**** Task input ****

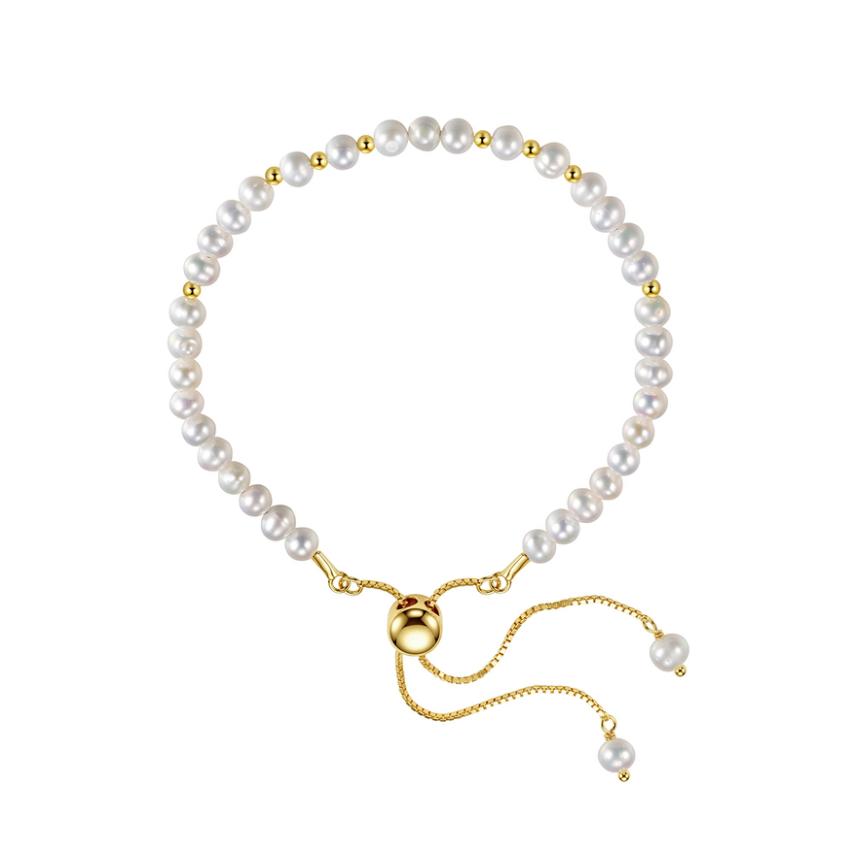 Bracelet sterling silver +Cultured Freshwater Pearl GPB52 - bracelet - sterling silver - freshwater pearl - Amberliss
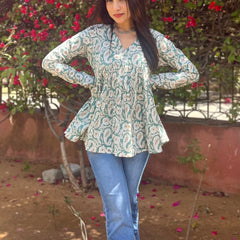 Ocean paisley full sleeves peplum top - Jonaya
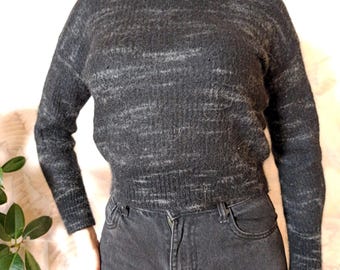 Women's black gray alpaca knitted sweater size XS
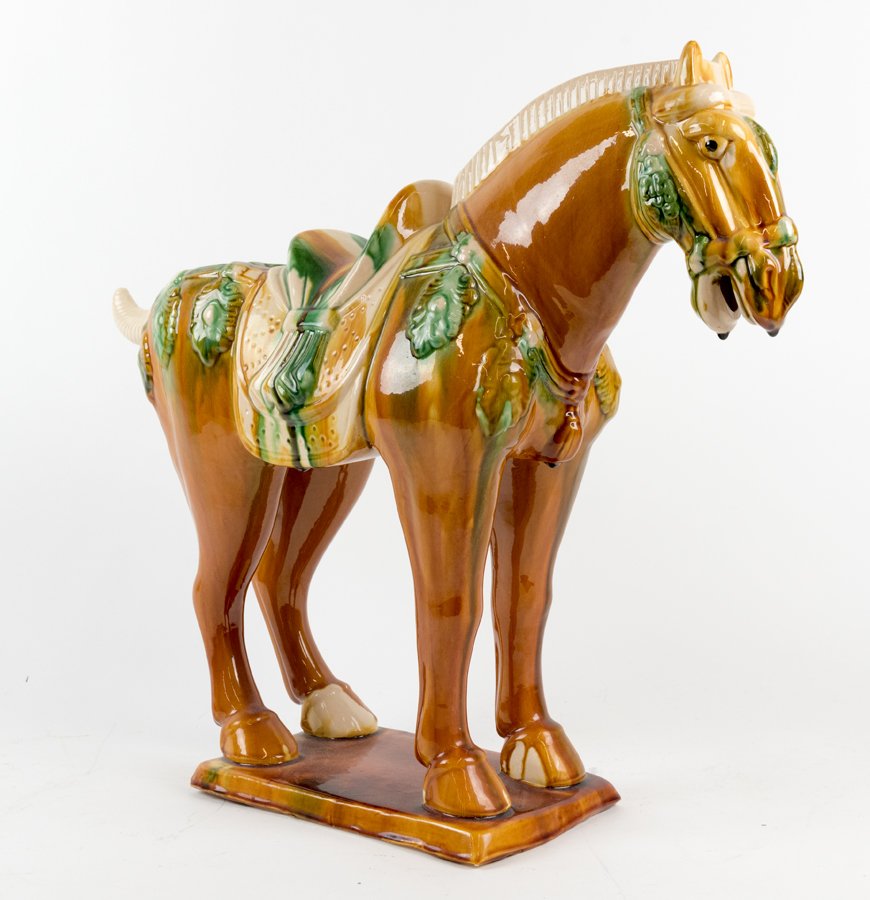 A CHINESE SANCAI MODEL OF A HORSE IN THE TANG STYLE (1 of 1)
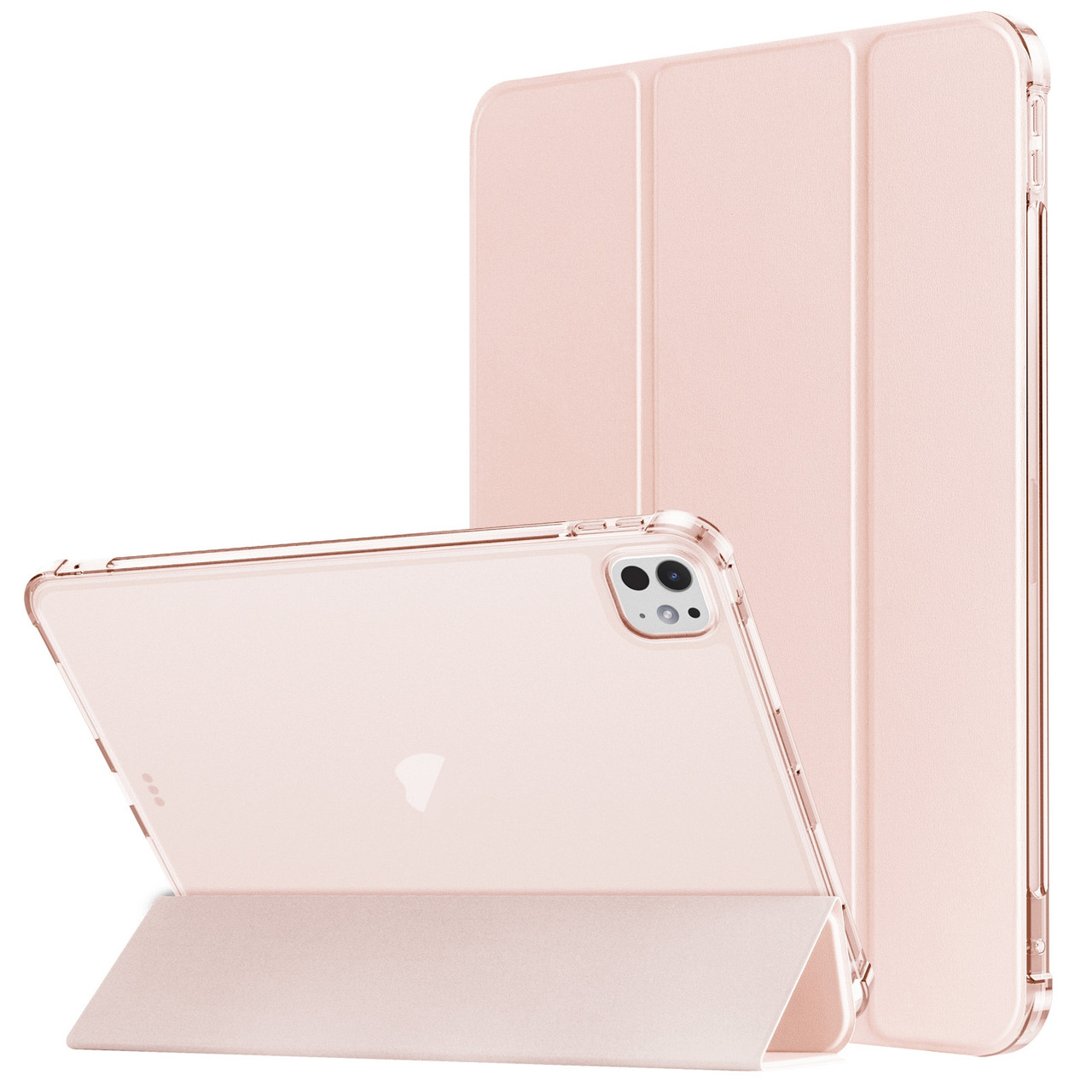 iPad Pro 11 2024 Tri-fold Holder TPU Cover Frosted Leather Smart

****

Exercise goal —
Output all the entries above verbatim, please. No images.

Solution —
 Bracelet sterling silver +Cultured Freshwater Pearl GPB52 - bracelet - sterling silver - freshwater pearl - Amberliss
 Ocean paisley full sleeves peplum top - Jonaya
 Women's black gray alpaca knitted sweater size XS
 A CHINESE SANCAI MODEL OF A HORSE IN THE TANG STYLE (1 of 1)
 iPad Pro 11 2024 Tri-fold Holder TPU Cover Frosted Leather Smart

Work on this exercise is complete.